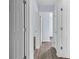 Hallway features light blue walls and gray wood-look floors with several white doors at 1139 Mainstreet Valley Dr, Stone Mountain, GA 30088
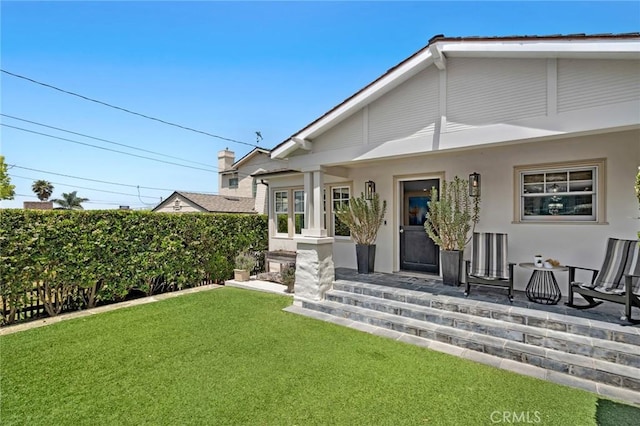 620 Brooks St, Laguna Beach, CA 92651 - view of exterior entry with a lawn, stucco siding, and covered porch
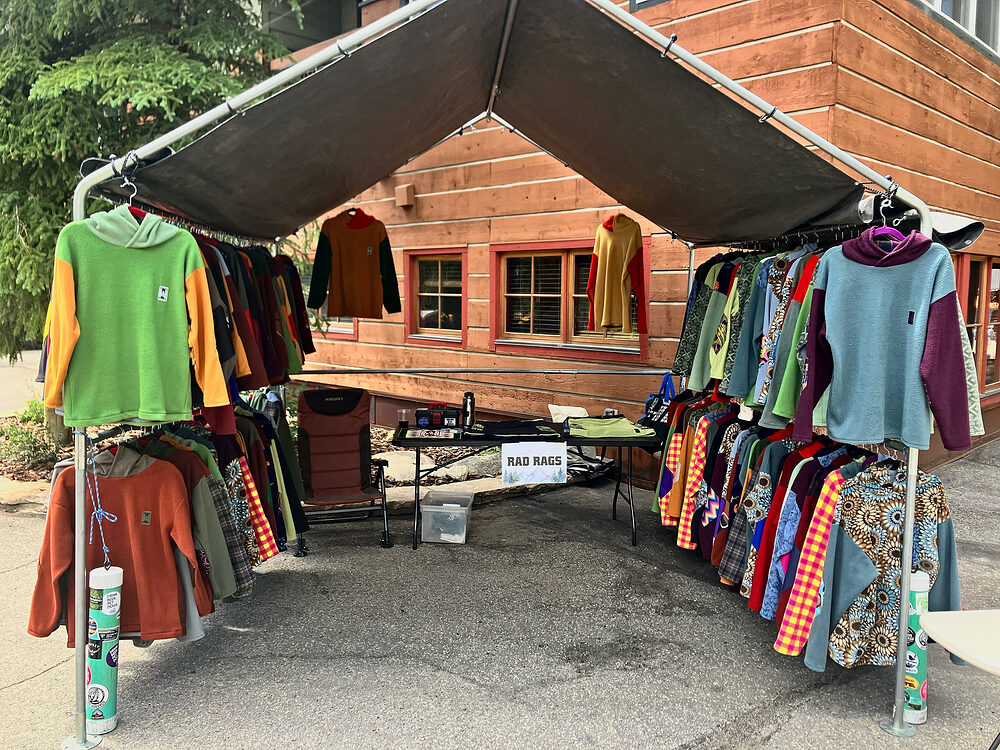 Rad Rags pop-up tent with racks of fleece outside a wooden building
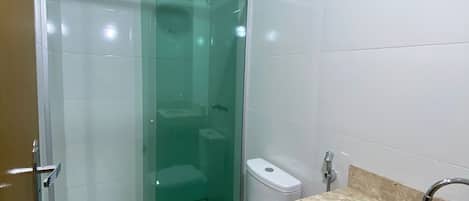 A bathroom with a glass-enclosed shower, a toilet, and a sink with a marble countertop.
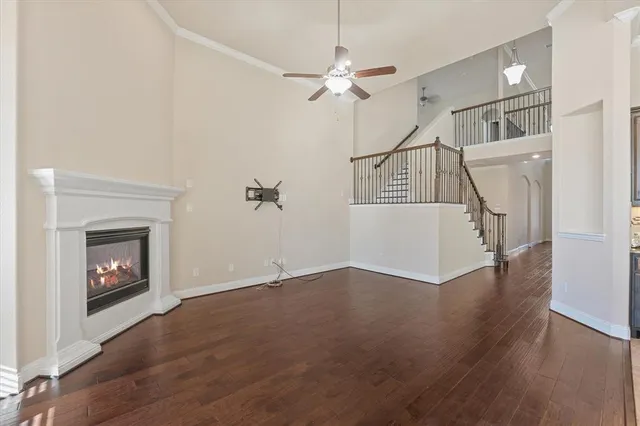 a view of an empty room with wooden floor fireplace and a window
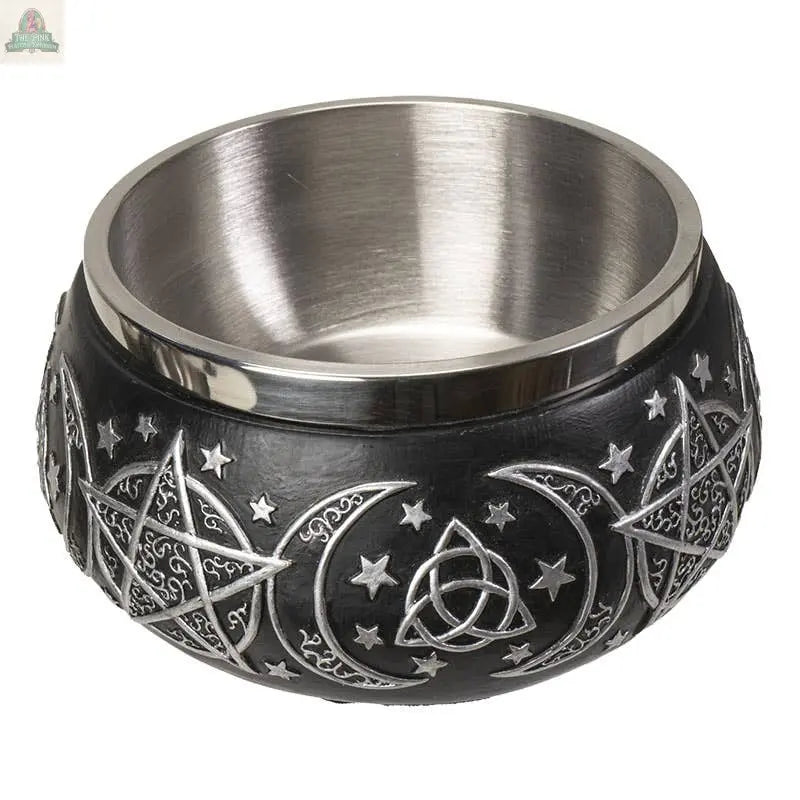 The Triple Moon Resin Smudge Ritual Offering Bowl features a black outer layer with embossed silver pentagrams, crescent moons, stars, and triquetra symbols. Its shiny stainless steel interior is perfect for use as a smudge or offering bowl.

> **To do**: Beginning at the line that contains "A bathroom with", give the remaining lines of the records again exactly, through the last one. Leave out pictures.

> **Exercise response**:
 A bathroom with a glass-enclosed shower, a toilet, and a sink with a marble countertop.
 a view of an empty room with wooden floor fireplace and a window
 The Triple Moon Resin Smudge Ritual Offering Bowl features a black outer layer with embossed silver pentagrams, crescent moons, stars, and triquetra symbols. Its shiny stainless steel interior is perfect for use as a smudge or offering bowl.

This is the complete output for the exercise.